William Dudley, head of the New York Fed, came in for stinging criticism from the panel as he was accused of cozying up to Wall Street.
He denied there was a serious cultural problem at the Fed, arguing that in fact it had made good progress and “the financial system is unquestionably much stronger and more stable now than it was five years ago”.
Such words were not enough to calm some feisty Democrats who are worried about the ‘revolving door’ problem that sees Fed investigators go to work for the banks they are supposed to oversee.
“We’re not seeing anything close to a rigorous accountability for conflicts of interest and failures of oversight,” said Senator Jeff Merkley, an Oregon Democrat.

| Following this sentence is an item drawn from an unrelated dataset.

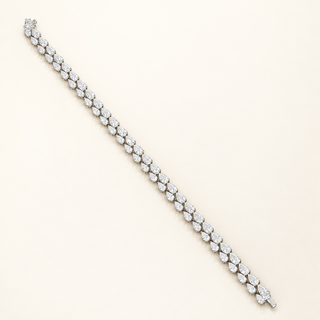 FREYA — 12.46ct Lab-Grown Diamond Bracelet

The hearing looked in detail at cases raised by former New York Fed examiner Carmen Segarra, who claimed she was silenced by bosses.
“The Fed is too cozy with the very banks where its oversight was needed,” Democratic Senator Joe Manchin of West Virginia said.
Senator Elizabeth Warren, a Massachusetts Democrat, pressed Mr Dudley on the Libor fixing scandal and noted a “long list of supervisory failures at the New York Fed”.
In a move to fend off some criticism, the Fed has just announced two separate reviews of large banks to ensure that examinations are “consistent, sound, and supported by all relevant information”.
The first focuses on two aspects of the Fed’s examination programme for the biggest banks: whether there are adequate methods to obtain all necessary information to make supervisory assessments and determinations, and if the right channels exist for inspectors to be aware of divergent views among an examination team regarding material issues.
In addition, the second review will focus on the supervision of the largest, most systemically important financial institutions in the United States.
This review looks at whether Fed officials receive the information needed to ensure “consistent and sound supervisory decisions regarding the supervision of the largest, most complex banking organisations”.